Positiv im Berliner Sommer ist in jedem Fall, dass man keine Kohlen aus dem Keller holen muss. Negativ dagegen, dass sich Jahr für Jahr im Berliner Sommer die Amüsierangebote vermehren. Das nervt vielleicht! Jede Woche irgendeine Skaternight, alle zwei Wochen eine große Parade, auf der die Leute immer live in echt und im Fernsehen ihre bescheuertes Gutdraufsein und ihre abgeschmackte Kreativität demonstrieren. Künstler, Dichter, Schauspieler; Gauklerfeste am Mercedes-Benz-Platz; Amüsierzwang aller Orten und mittendrin: ein großer Sat.1-Ballon, der seit zwei Monaten als Wahrzeichen der Stadt über dem Brandenburger Tor schwebt. Namen verdienter Kommunisten aus dem Stadtbild entfernen, aber die großen Plätze ans Privatfernsehen verkaufen – so sind die Politiker hier! Wenigstens die PDS war dagegen und wird dafür ab sofort abonniert!

Warum ist Sein und nicht vielmehr Nichts, hatte Martin Heidegger sich früher mal in Freiburg gefragt. Besser als etwas ist es in den meisten Fällen, nichts zu tun. Den Konsum- , Arbeits- und Amüsierterror einen guten Mann sein lassen. Rumhängen! In Wohnungen oder wenn es zu heiß ist, wie oft im Berliner Sommer, also ab 33° ungefähr, im Neuköllner Volkspark Hasenheide, dem proletarischsten, wenn man so will in Berlin. Im halb versteckten Rhododendronhain in der Hasenheide kann man am besten abhängen. Der Rhododendronhain ist ein kleiner, angenehm zurückhaltend zivilisierter Park mit vielen großen Bäumen, Sträuchern, Gebüschen und hell zwitschernden Vögeln. Ab und an hört man von weitem die Stimme des Bademeisters vom Freibad am Columbiadamm, Kinderkreischen und Straßenverkehr und manchmal auch etwas, was wie beifälliges Raunen im Fußballstadion klingt und von einem Gewerbebetrieb an der Neuköllner Seite herrührt. Der Lärm bleibt jedoch im Hintergrund, und man kann ausgezeichnet Bücher lesen oder versuchen, nichts zu denken. Nur selten kommen Leute vorbei, obwohl oder weil es so heiß ist. Die wenigen, die man sieht, haben lange graue Haare und Jonglierbälle in Neonfarben dabei, sind grad angedichtet oder nette Omas, die „Hilfe“ sagen, wenn ihnen die Hitze zu sehr zusetzt. Manche wollen einem auch Cannabisprodukte verkaufen. Man hört ja immer wieder, dass das gesund sein soll und mehr. Heiner Müller sagte zum Beispiel: „Die Droge ist der Verbündete des Menschen im Kampf gegen die Maschine. Denn Drogen bedeuten Zeitgewinn für das Subjekt, Maschinen bedeuten Zeitverlust.“ Wie auch immer – die einzige durchgehend erfreuliche Parade, die einzige auch, für die die Berlinpropagandabteilung nicht wirbt, ist die Hanfparade und findet am 19. August auf der zentralen Berliner Parademeile statt.
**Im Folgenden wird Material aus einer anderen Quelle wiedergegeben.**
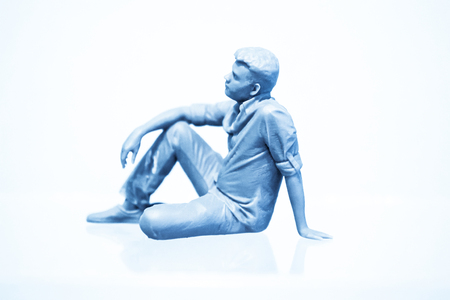 Man's form printed by 3d printer from a photopolymer material. Stereolithography 3D printer, technology of liquid photopolymerization under UV light. Modern additive and medical technologiesの写真素材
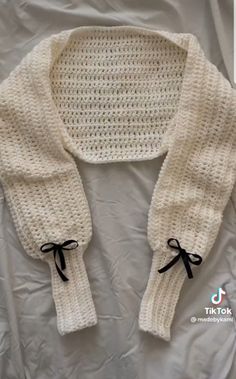 a white knitted sweater with black bow ties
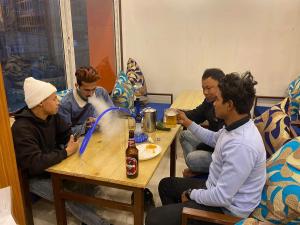 a group of men sitting around a table with a dog at Peace Hostel in Kathmandu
Auf dem alten Baum im Rhododendronhain stehen Nachrichten: „Es tut uns leid“, „Eine Blume für Nadja, schönste, beste und aber schwierigste Frau der Welt und Umgebung“ (mit gemalter Sonnenblume). Auf der Bank steht: „Sabrina und Nadja waren hier und kommen wieder.“ Die Nachricht war von gestern. Die ganze Stadt wimmelt von solchen Nachrichten, und man überlegt sich, eine Hyperkarte von Berlin zu entwerfen. Wenn man die Hasenheide anklicken würde, würde ein Foto mit den eben erwähnten Nachrichten erscheinen. Von Nadja gäbe es dann Links zu anderen nadjarelevanten Graffitis, Telefonbucheintragungen, Zetteln, die auf dem Boden oder in Berliner Papierkörben liegen. Dies Projekt ist urheberrechtlich geschützt!

Der Rest des Parks wird von bewaffneten Kräften kontrolliert, die aussehen wie eine Jugendgang, wenn sie zu viert nebeneinander patrouillieren. Autos haben sie auch dabei, Pferde ab und zu, und alle rennen weg, wenn sie kommen. Manche wehren sich allerdings auch, wenn sie wegen zwei Joints von den Wegelagerern belästigt werden, wie neulich in der Zeitung stand. Da hatten die umherschweifenden Grünen, deren parlamentarische Vertreter ihre angestammte Leistungsverweigerer-Klientel immer dreister verraten, dann doch mal schön was auf die Mütze gekriegt. Und man denkt, dass man bestimmt mal in der Hasenheide übernachten würde, wenn man Tramper wäre. Als Berliner traut man sich's leider dann doch nicht.